Dólmen del Puerto de los Huertos

El dolmen del Puerto de los Huertos, se ubica en altura, sobre el espolón norte de una estribación montañosa, lugar desde el que se posee una alta visibilidad hacia el este, donde se prolonga el valle de la ribera del El Gallego. Presenta 3 elementos diferenciados: túmulo, galería y atrio. EL túmulo es de morfología oval, mide de 16,50 metros en el eje mayor, y cuenta con un sistema de construcción complejo formado por distintos elementos constructivos escalonados. dos anillos de refuerzo dispuestos perimetralmente en torno a la estructura megalítica, compuestos por lajas hincadas y rellenos internos de rocas volcánicas y lajas trabadas con conglomerado de arcilla y piedras, que recubren los anteriores niveles.

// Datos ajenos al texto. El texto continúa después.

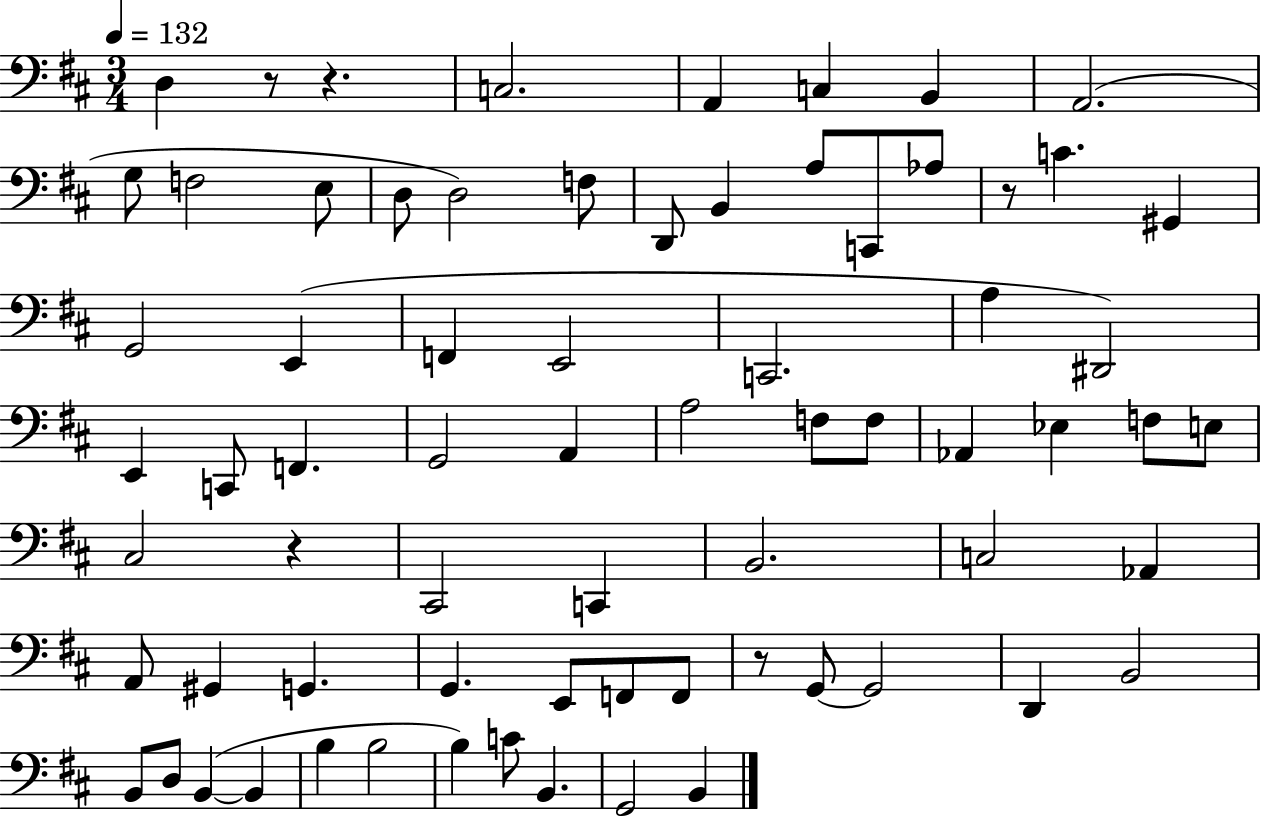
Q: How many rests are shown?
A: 5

La función de estos elementos constructivos es reforzar la galería, contener la masa tumular y culminar la morfología del túmulo.

La estructura megalítica interna se define como una galería rectilínea de espacio único, orientada 90º este, que cuenta con unas dimensiones de 7,50 metros en el eje longitudinal este-oeste, 0,60 metros de anchura en el acceso (enmarcado por dos ambas que definen la estrada), 1,40 metros en el tramo interno y 1,20 metros en la cabecera de morfología semicircular. En la zona central de la cabecera se presenta la base de una "estela" de morfología rectangular, anclada en el sustrato de pizarra, conservándose en altura 30 centímetros y máxima anchura de 15 centímetros. El suelo se define como un pavimento apisonado de arcilla echado sobre afloramiento. El atrio forma un espacio abierto y abocinado hacia el interior, compuesto por 3 sectores diferenciados: rampa de acceso con pavimento de pequeñas lajas de piedra y arcilla, altar escalonado de bolos de roca volcánica en el lateral norte, y vestíbulo con pavimento de piedras y arcilla apisonada, en donde se depositaron objetos tales como recipientes cerámicos (platos de borde engrosado, cuencos, vasos ollas y cazuelas), productos líticos tallados (punta de flecha, láminas-cuchillos, microlitos geométricos), hachas y azuelas pulimentadas, cuentas de collar de piedras verdes, ídolos cruciformes de pizarra y prismas de cristal de roca (cuarzo).

Su construcción se produjo en los primeros siglos del III milenio a.n.e., prolongándose su uso durante el milenio tal como muestran las dotaciones obtenidas en el suelo interno de la cámara (2.833-2.487 cal. a.n.e.) y en el pavimento del vestíbulo (2.548-2.346 cal. a.n.e.). En la transición del III y II milenios a.n.e., se produjo la destrucción del monumento megalítico, tal como apunta la datación obtenida de la zanja de condenación del área de la cabecera (2.137-1.979 cal. a.n.e.). Esta acción de destrucción deliberada explicaría el bajo estado de conservación del dolmen, estando ausente la gran mayoría de los ostostatos y la alta fragmentación de los que se preservan anclados en la zanja de cimentación, fracturados las mayoría a cota de suelo de la tumba. Este episodio de destrucción hay que ponerlo en relación con las transformaciones políticas que acontecen en la transición de la Edad del Cobre a la Edad del Bronce Antiguo, cuando en el área de Sierra Morena se consolidan comunidades con una nueva ideología funeraria que rompen con la tradición de los rituales funerarios del megalitismo, impidiendo nuevos tipos y formas de enterramientos: cistas con ajuares individualizados, destacando armas de cobre-bronce (hachas y puñales) y otros objetos de prestigio social (pulseras de plata y objetos de adorno de oro) pertenecientes a grupos con estructuras sociales fuertemente jerarquizadas y desigualitarias.